The British Veterinary Association, comprising of more than 18,000 doctors, demand stunning the shellfish before boiling, an action that must be compulsorily followed by chefs, they say.
Do lobsters feel pain?
The question if lobsters feel pain is of an extensive debate as it has been for decades.
For instance, The Lobster Institue of Maine – where the shellfish is an icon – has maintained that cooking a lobster is equal to cooking a ‘big bug’ which they argue is that lobsters have not developed their primitive central nervous system which is ineffective to make them feel pain like humans do.
“Cooking a lobster is like cooking a big bug. Do you have the same concern when you kill a fly or mosquitoes?” executive director of the lobster institute Robert Bayer was quoted as saying by the Business Insider in 2018.

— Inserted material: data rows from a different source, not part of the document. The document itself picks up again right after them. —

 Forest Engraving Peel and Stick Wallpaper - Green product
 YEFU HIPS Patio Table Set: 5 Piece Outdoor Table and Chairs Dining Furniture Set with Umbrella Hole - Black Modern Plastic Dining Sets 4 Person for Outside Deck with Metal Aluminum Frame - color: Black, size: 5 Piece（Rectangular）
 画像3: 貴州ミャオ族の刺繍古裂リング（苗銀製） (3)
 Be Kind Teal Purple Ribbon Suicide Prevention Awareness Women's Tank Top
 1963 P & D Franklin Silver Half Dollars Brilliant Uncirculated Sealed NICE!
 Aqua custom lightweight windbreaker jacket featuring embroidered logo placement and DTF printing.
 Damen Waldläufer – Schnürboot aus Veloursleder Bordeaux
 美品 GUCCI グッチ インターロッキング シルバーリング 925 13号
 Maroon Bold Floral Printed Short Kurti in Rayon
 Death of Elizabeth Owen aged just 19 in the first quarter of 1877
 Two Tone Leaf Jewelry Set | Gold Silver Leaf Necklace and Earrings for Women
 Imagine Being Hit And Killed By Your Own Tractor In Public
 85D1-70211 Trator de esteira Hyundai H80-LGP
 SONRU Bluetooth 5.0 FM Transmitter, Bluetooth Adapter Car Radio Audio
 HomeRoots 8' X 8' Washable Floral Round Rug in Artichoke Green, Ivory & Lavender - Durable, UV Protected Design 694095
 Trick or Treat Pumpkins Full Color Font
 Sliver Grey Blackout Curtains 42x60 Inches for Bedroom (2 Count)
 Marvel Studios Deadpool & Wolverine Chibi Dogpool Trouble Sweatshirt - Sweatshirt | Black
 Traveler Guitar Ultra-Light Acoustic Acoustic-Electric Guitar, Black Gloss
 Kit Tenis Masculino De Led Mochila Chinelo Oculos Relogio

Apparently, most of the science surrounding the pain or no-pain debate of lobsters and crabs have been inconclusive. Sometimes researchers found the animal’s brain is incapable of sensing pain, the other time’s researchers realized they reacted to a stimulus that could cause pain like an electric shock.
What is the recent evidence?
According to the BVA, the latest scientific evidence has shown shellfishes are sentient- or they can feel pain. Countries like Austria, Switzerland, New Zealand, Norway, and some parts of Australia have already banned boiling lobsters alive.
Mail Online noted, a number of high-profile kitchens in the UK use electronic stunning devices to prepare lobsters, including Celebrity chef Giorgio Locatelli, who runs the Michelin-starred Locanda Locatelli in London.
‘In my opinion, not only is it more humane it also improves the quality of the meat. Many years ago my wife saw a chef put a live lobster in a pot in our kitchen and nearly divorced me. Since then we have used a stunning machine,’ Giorgio Locatelli told the British media outlet.
Animal welfare organization Crustacean Compassion said: ‘We call ourselves a nation of animal lovers but crabs and lobsters are Britain’s forgotten animals.
What happens to them at slaughter is cruel and unacceptable. Unless these animals have been electronically stunned, it can take up to three minutes for a crab to die in boiling water and even longer for a lobster.’
The BBC noted, crabs and lobsters do not qualify for the term ‘animal’ as described in the Animal Welfare Act 2006, meaning that crabs and shellfishes do not have any legal restrictions before processing.
A Department for Environment, Food and Rural Affairs spokesperson told the BBC: “We are committed to the very highest standards of animal welfare.
“As the prime minister has set out, we will make the United Kingdom a world leader in the care and protection of animals as we leave the EU.
“We are currently consulting on the draft Bill and will consider responses when bringing the Bill forwards.”
Mainstream science, however, will prove how to kill lobsters and crabs without causing too much pain, and unfortunately, the search will still be to find a way to ‘kill’ them, not save them from being killed at all.